События двух киевских лет, как известно, завязали основные линии булгаковского искусства, булгаковского художественного сознания. Первые итоги пережитого были осмыслены в «Белой гвардии». Образ поэта-сифилитика Русакова, приходящего на прием к Турбину, тема Шполянского, председателя городского поэтического ордена «Магнитный триолет», специалиста по «засахариванию» машин, а также автора ночного труда «Интуитивное у Гоголя», — вообще тема киевского театрального похмелья, от «Праха» до «Лилового негра», дана у Булгакова в совершенно определенном контексте. «Легкая жизнь» протекает не на фоне чиновного Петербурга, которому когда-то противостояло артистическое братство, а на фоне погибающего беззащитного города. В этом — внутреннее обвинение оглохшей и выродившейся культуре.

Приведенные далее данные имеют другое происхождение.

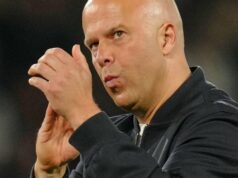 Bývalý šéf Chelsea bol vybraný ako „dokonalý“ budúci manažér Liverpoolu, aby „vytvoril novú víziu“ Bývalý šéf Chelsea bol vybraný ako „dokonalý“ budúci manažér Liverpoolu, aby „vytvoril novú víziu“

Окунувшись в мешанину четырнадцати переворотов, Булгаков противопоставил беспамятству смуты не судорожный поиск «нового мировоззрения», который охватил тогда многих его литературных современников. Напротив, он попытался «вспомнить» устойчивые традиционные ценности, оживить строгую, ясную и авторитетную интонацию «лучших на свете книг, пахнущих таинственным старинным шоколадом, с Наташей Ростовой, с Капитанской дочкой». Что касается театрального сознания автора «Бега», то оно тоже во многом будет питаться воспоминаниями киевского кровавого года, когда на подмостках погибающего города «кривлялись и смешили народ наиболее известные актеры, слетевшиеся из двух столиц».

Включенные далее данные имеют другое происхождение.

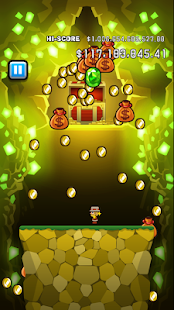 How to get $1,000,000,000,000.00 1.0.2 unlimited apk for android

Традиционалистские установки киевского театрала, подвергнутые сокрушительному испытанию, будут искать новых, более серьезных оснований для своего развития. В этих поисках Булгаков найдет место и по-своему перетолкует эстетический опыт евреиновских импровизаций, «джиммистов», всего театрального Сатирикона, мелькнувшего в Киеве в 1918 году. В его будущих пьесах легко обнаружить темы и мотивы кабаретной культуры, «кривозеркальцев», начиная от иронической стилизации и приема «сцены на сцене», кончая игрой лицедея с маской или обнажением конструкции зрелища. Исследователи установят и другие содержательные импульсы, которые войдут в искусство Булгакова от киевских впечатлений 1918–1919 годов (о чем еще пойдет речь в нашей книге). При всем этом театр останется для Булгакова исполненным наивного волшебства и тайны, тех самых красок и запахов, которые были неотделимы от провинциального театра его юности.

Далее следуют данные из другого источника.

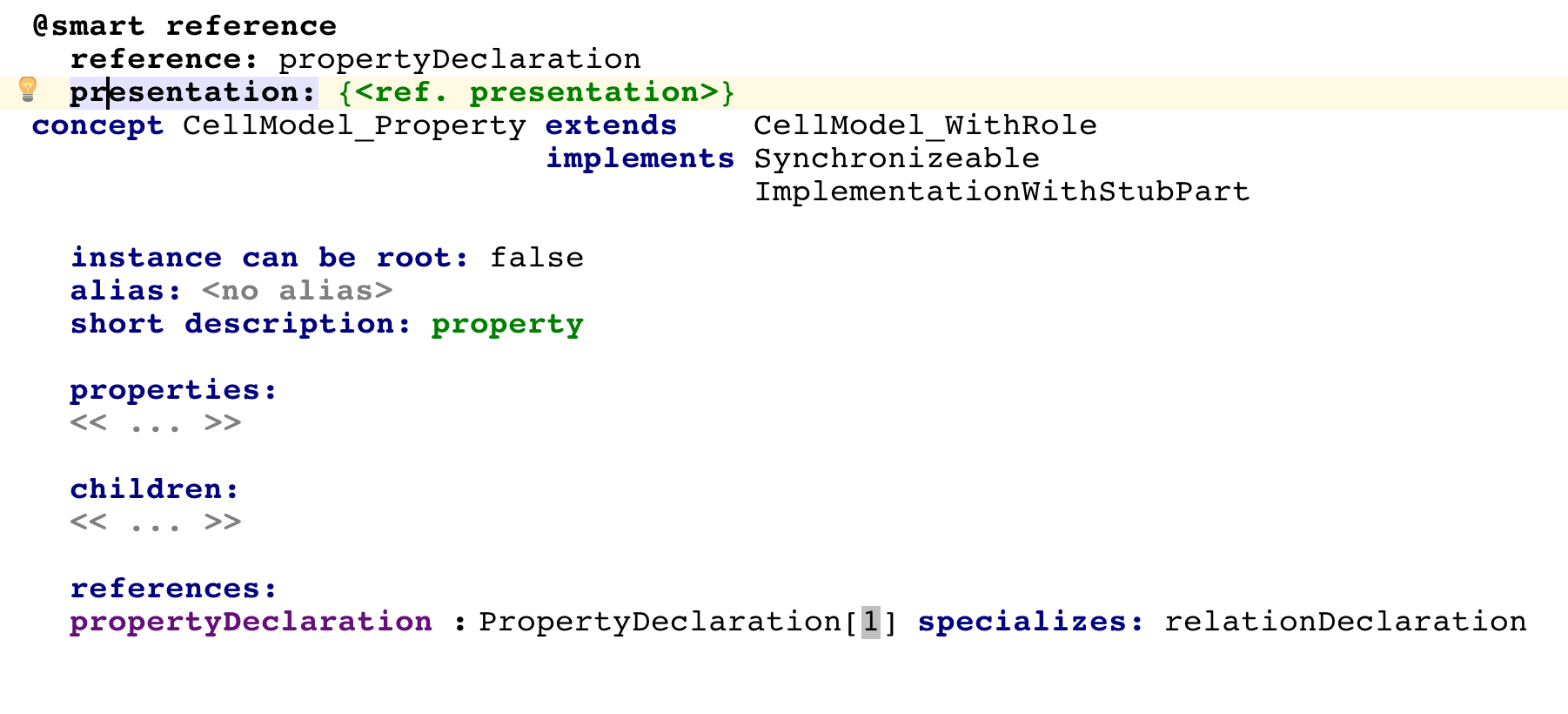 SmartRef1.png SmartRef1.png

«Написанное нельзя уничтожить»

В автобиографии, составленной в октябре 1924 года, Булгаков вспомнит опыт театральной работы во Владикавказе очень коротко: «Жил в далекой провинции и поставил на местной сцене три пьесы. Впоследствии в Москве, в 1923 году, перечитав их, торопливо уничтожил. Надеюсь, что нигде ни одного экземпляра их не осталось».

Надежды не оправдались. Дотошные историки разыскали через сорок лет суфлерский экземпляр одной пьесы, восстановили в общих чертах содержание и смысл других четырех, которые Булгаков даже в общий счет не включил. Идея плавной литературной эволюции оказывается заманчивой: биографы и театроведы терпеливо и настойчиво стремятся обнаружить в погубленных автором пьесах черты будущих высоких замыслов.

Затея, надо думать, напрасная. Опыт Владикавказа имеет первостепенный интерес в ином плане, а именно в том, в каком воспринимал его сам писатель. Необходимо понять, что вызвало желание уничтожить ранние пьесы и почему автор вспоминал о них с таким редкостным отвращением.